What Is the Clayton Antitrust Act?

The Clayton Antitrust Act is a piece of legislation passed by the U.S. Congress in 1914. The Act defines unethical business practices, such as price fixing and monopolies, and upholds various rights of labor. The Federal Trade Commission (FTC) and the Antitrust Division of the U.S. Department of Justice (DOJ) enforce the provisions of the Clayton Antitrust Act, which continue to affect American business practices today.

Key Takeaways

  • The Clayton Antitrust Act, passed in 1914, continues to regulate U.S. business practices today.
  • Intended to strengthen earlier antitrust legislation, the Clayton Antitrust Act prohibits anti-competitive mergers, predatory and discriminatory pricing, and other forms of unethical corporate behavior.
  • The Clayton Antitrust Act also protects individuals, allowing lawsuits against companies and upholding the rights of labor to organize and protest peacefully.


Understanding the Clayton Antitrust Act

At the turn of the 20th century, a handful of large U.S.corporations had come to dominate entire industry segments by engaging in predatory pricing, exclusive dealings, and mergers designed to destroy competitors.
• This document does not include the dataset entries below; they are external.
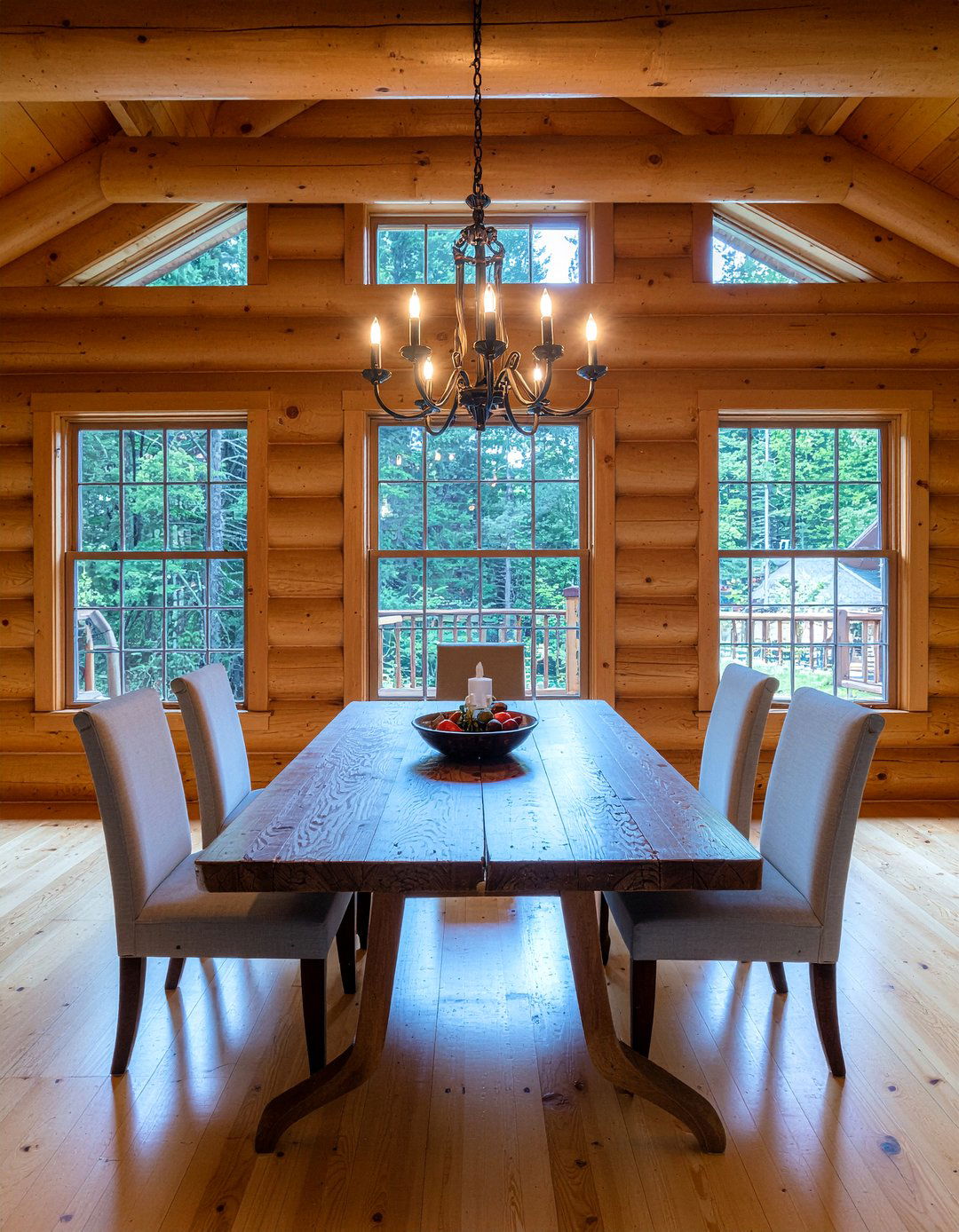 Log cabin dining room - 30 rustic dining room ideas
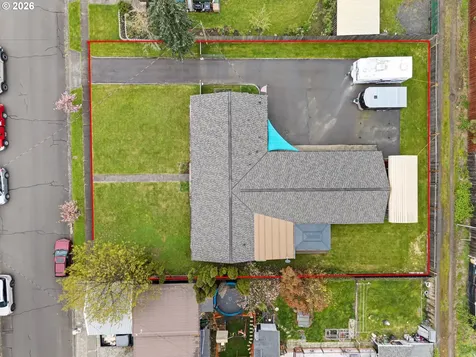 678 5th Avenue Sweet Home OR 97386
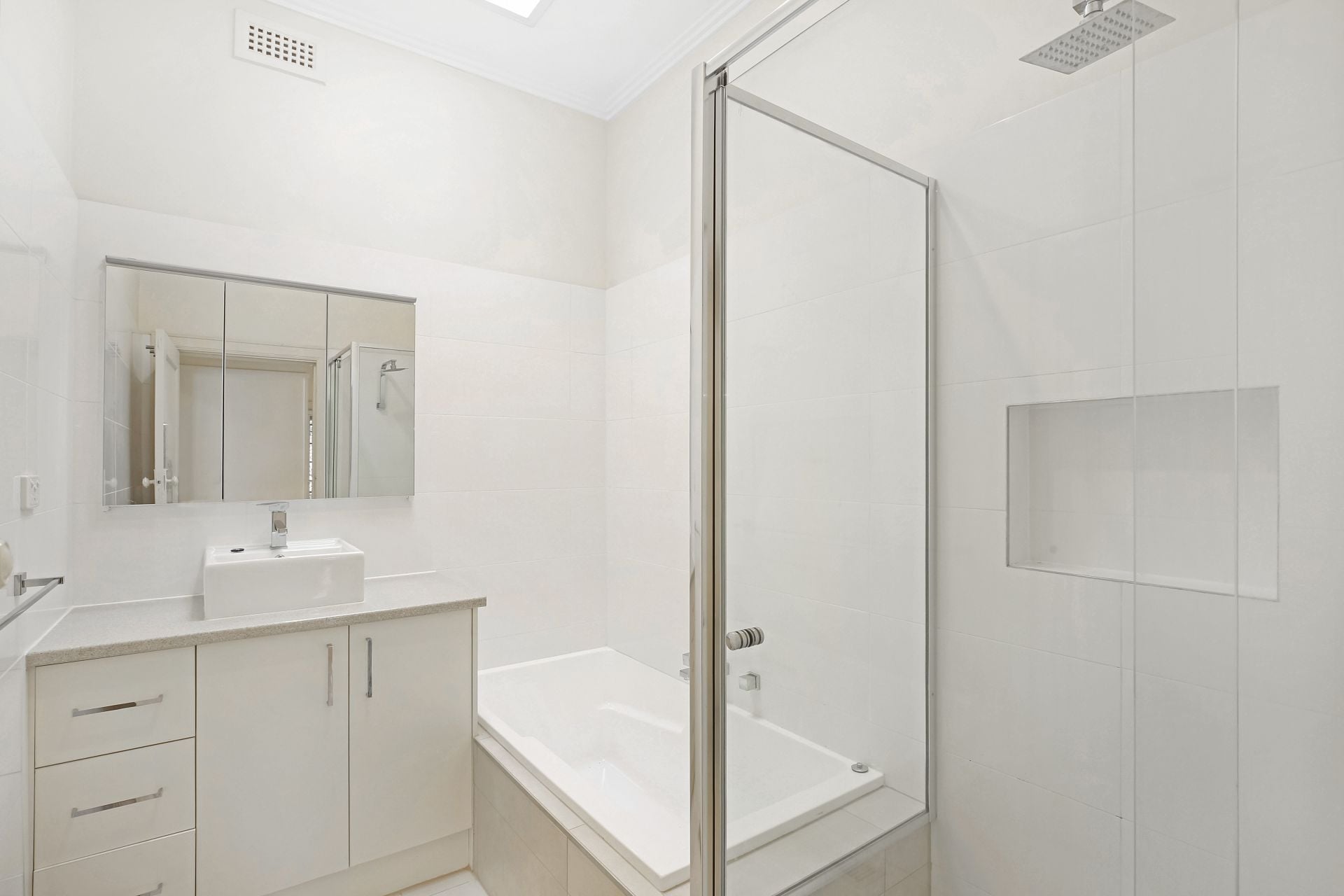 54 Royal Parade, Reservoir, Reservoir - Thumbnail 8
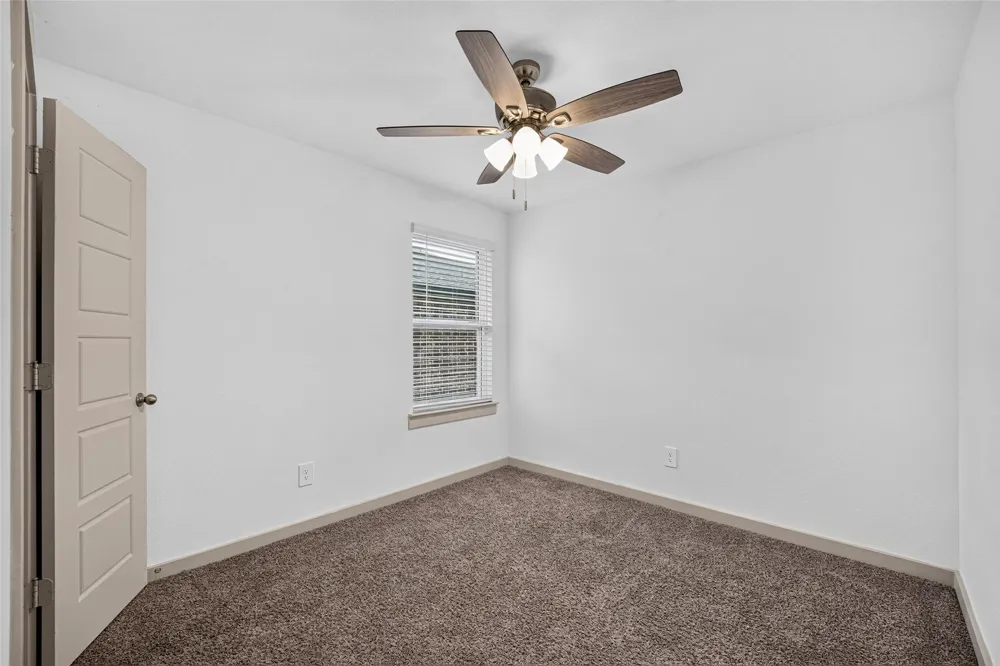 711 Boer Plains Drive Rosharon, TX 77583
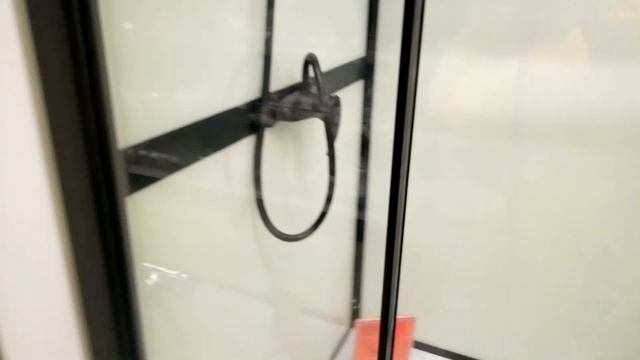 Гуляем по магазинам. Выбор совпал, решили повредничать. смотреть онлайн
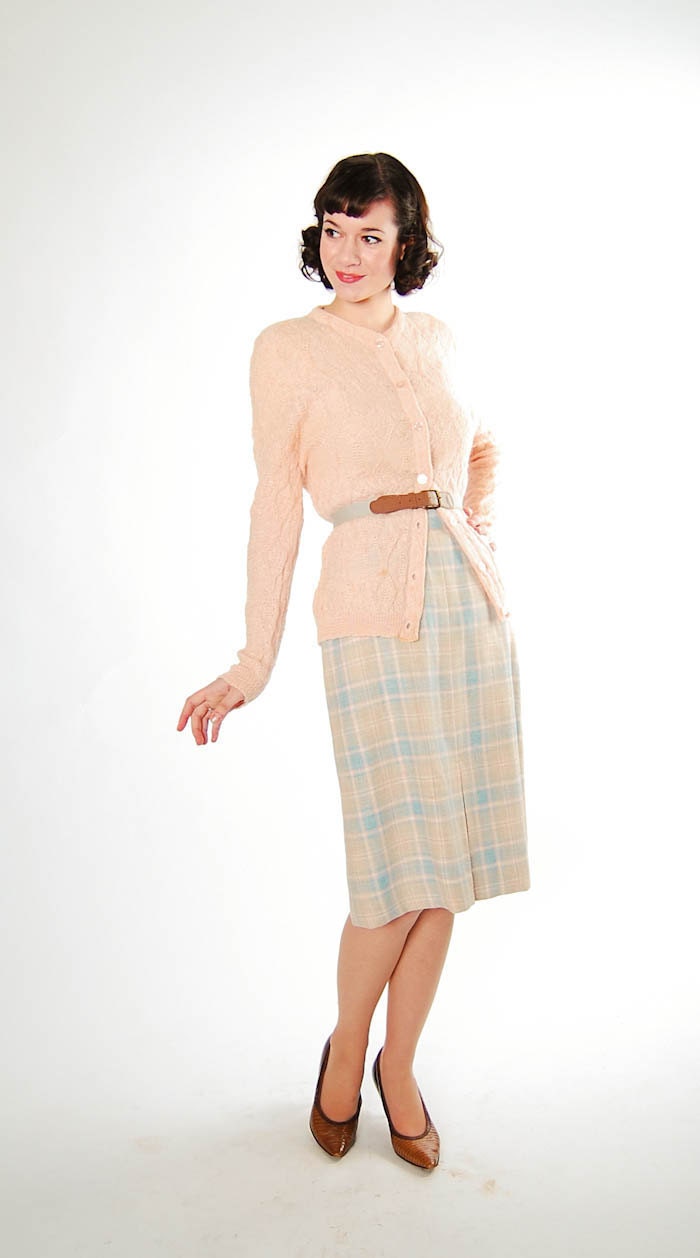 Vintage 1960s Pencil Skirt - 60s Wool Skirt - Pastel Blue & Blush Plaid Tweed
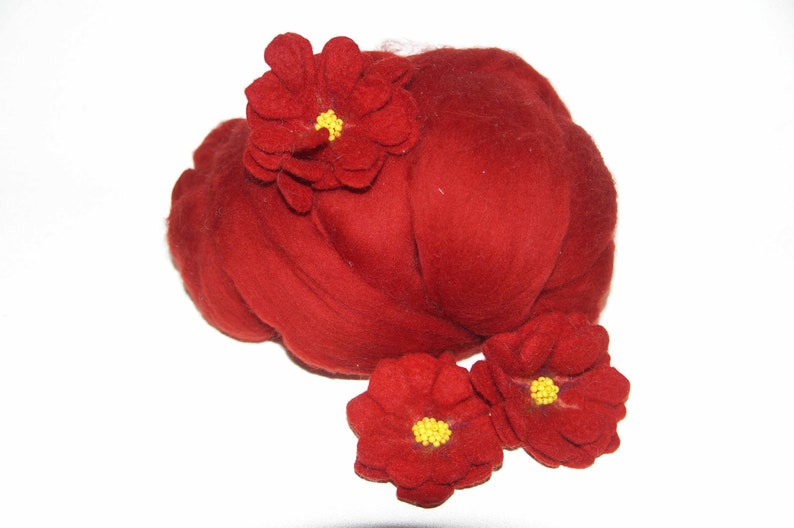 Blume in rot aus Filz mit Perlen als Geschenk und zur Dekoration, Geschenke für Frauen, Geschenk für die Frau Bild 6
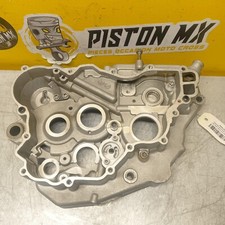 CARTER MOTEUR DROIT KTM 250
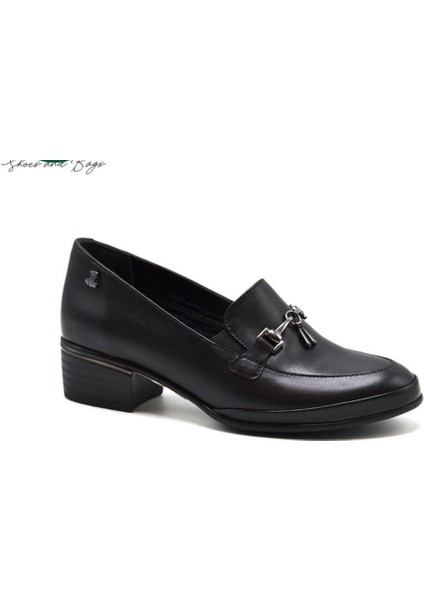 Venüs 2312523K Kısa Topuk Tokalı Klasik Deri Kadın Ayakkabı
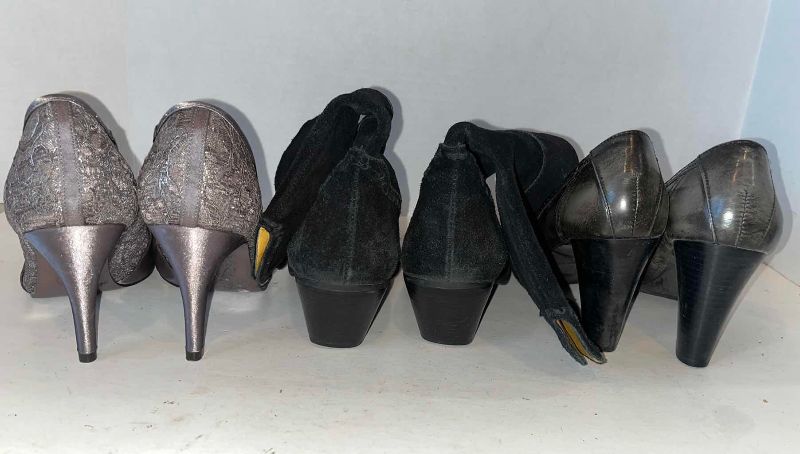 Photo 1 of 3-EVENING SHOES SIZE 7 1/2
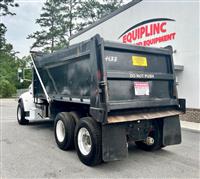 2007 Peterbilt 335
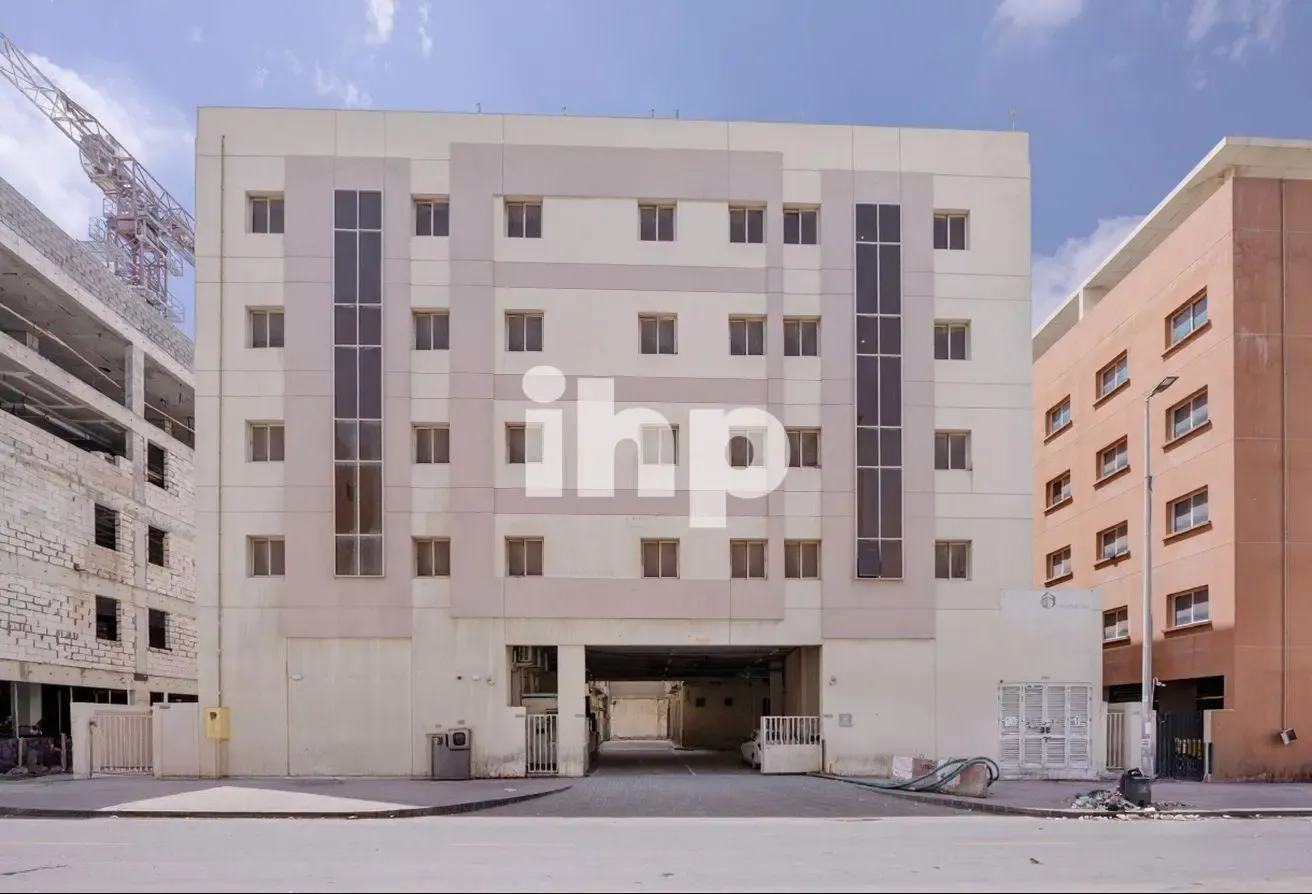 B + G + 4F | Vacant |  148 Rooms | Best Deal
While the Sherman Antitrust Act of 1890 prohibited trusts and outlawed monopolistic business practices, the vague language of the bill allowed businesses to continue engaging in operations that discouraged competition and fair pricing. These controlling practices directly impacted local concerns and often drove smaller entities out of business.

In 1914, Rep. Henry De Lamar Clayton, of Alabama, introduced legislation to regulate the behavior of such massive entities. The bill passed the House of Representatives with a vast majority on June 5, 1914. President Woodrow Wilson signed the initiative into law on Oct. 15, 1914.

The Clayton Antitrust Act provided further clarification and substance to the Sherman Antitrust Act, addressing issues the older act didn't cover, and outlawing incipient forms of unethical behavior. For example, while the Sherman Antitrust Act made monopolies illegal, the Clayton Antitrust Act banned operations intended to lead to the formation of monopolies.

The Clayton Antitrust Act mandates that companies wishing to merge must notify and receive permission from the Federal Trade Commission to do so.

Provisions of the Clayton Antitrust Act

The Clayton Antitrust Act continued the Sherman Act's ban on anti-competitive mergers and the practice of price discrimination. More specifically, it prohibits exclusive sales contracts, certain types of rebates, discriminatory freight agreements, and local price-cutting manuevers; it also it forbids certain types of holding companies.

In addition, the Clayton Act specifies that labor is not an economic commodity. It upholds issues conducive to organized labor, declaring peaceful strikes, picketing, boycotts, agricultural cooperatives, and labor unions were all legal under federal law.

The Clayton Antitrust Act has 26 sections.

  • The second section deals with the unlawfulness of price discrimination, price cutting, and predatory pricing. 
  • Exclusive dealings or the attempt to create a monopoly is addressed in the third section. 
  • The fourth section states the right of private lawsuits of any individual injured by anything forbidden in the antitrust laws. 
  • Labor and the exemption of the workforce are covered in the sixth section.
  • The seventh section handles mergers and acquisitions and is often referred to when multiple companies attempt to become a single entity.

Successors to the Clayton Antitrust Act

The Clayton Antitrust Act is still in force today, essentially in its original form. However, it was somewhat amended by the Robinson-Patman Act of 1936 and the Celler-Kefauver Act of 1950.

The Robinson-Patman Act reinforced laws against price discrimination among customers. The Celler-Kefauver Act prohibited one company from acquiring the stock or assets of another firm, if an acquisition reduced competition. It further extended antitrust laws to cover all types of mergers across industries, not just horizontal ones within the same sector.